Words of Wisdom from Pres. Jefferson Davis

[the following paragraphs are excerpts from his Farewell Address to the U.S. Senate, January 21, 1861]

". . . I have, for many years, advocated, as an essential attribute of State sovereignty, the right of a State to secede from the Union."

"Nullification and secession, so often confounded, are, indeed, antagnostic principles.  Nullification is a remedy which it is sought to apply within the Union, and against the agent of the States.  It is only to be justified when the agent has violated his constitutional obligations, and a State, assuming to judge for itself, denies the right of the agent thus to act, and appeals to the other States of the Union for a decision; but when the States themselves, and when the people of the States, have so acted as to convince us that they will not regard our constitutional rights, then, and then for the first time, arises the doctrine of secession in its practical appplication."

"She [Mississippi] has heard proclaimed the theory that all men are created free and equal, and this made the basis of an attack upon her social institutions; and the sacred Declaration of Independence has been invoked to maintain the position of the equality of the races.  The Declaration of Independence is to be construed by the circumstances and purposes for which it was made.  The communities were declaring their independence; the people of those communities were asserting that no man was born, to use the language of Mr. Jefferson, booted and spurred, to ride over the rest of mankind; that men were created equal — meaning the men of the political community; that there was no divine right to rule; that no man inherited the right to govern …"

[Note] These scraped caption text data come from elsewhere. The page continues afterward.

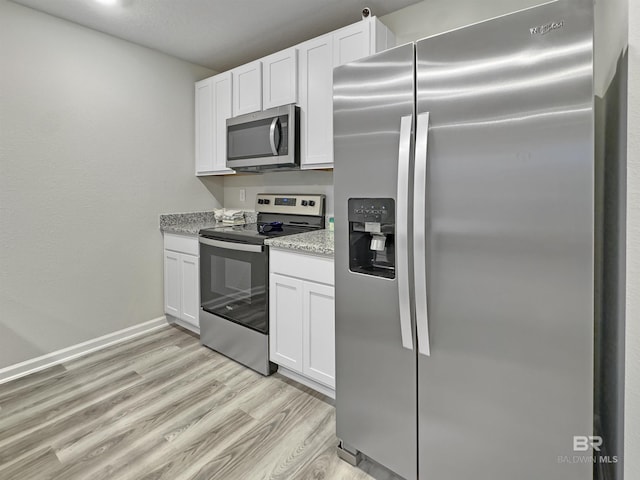 kitchen with light stone countertops, baseboards, white cabinetry, light wood finished floors, and appliances with stainless steel finishes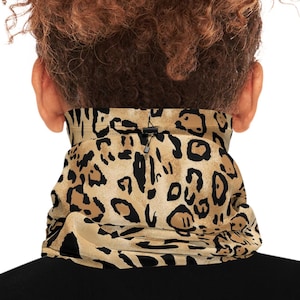 May include: A tan and black leopard print neck gaiter worn around the neck. The neck gaiter is made of a soft, flexible material. The person is wearing a black shirt. The background is white.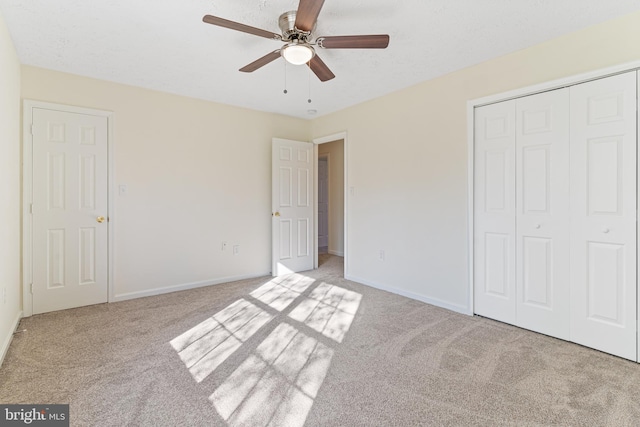 unfurnished bedroom with a closet, carpet flooring, baseboards, and a ceiling fan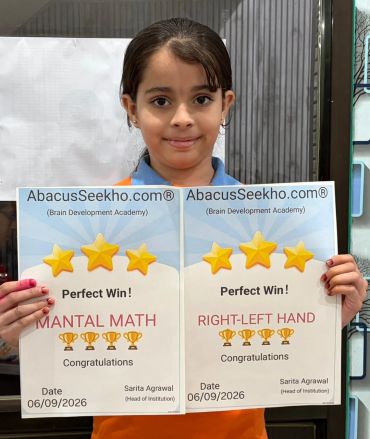 Young girl proudly holding two achievement certificates.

[the following paragraphs are excerpts from his first Inaugural Address at Montgomery, Alabama, February 18, 1861]

"Our present political position has been achieved in a manner unprecedented in the history of nations.  It illustrates the American idea that governments rest on the consent of the governed, and that it is the right of the people to alter or abolish them at will whenever they become destructive of the ends for which they were established. …"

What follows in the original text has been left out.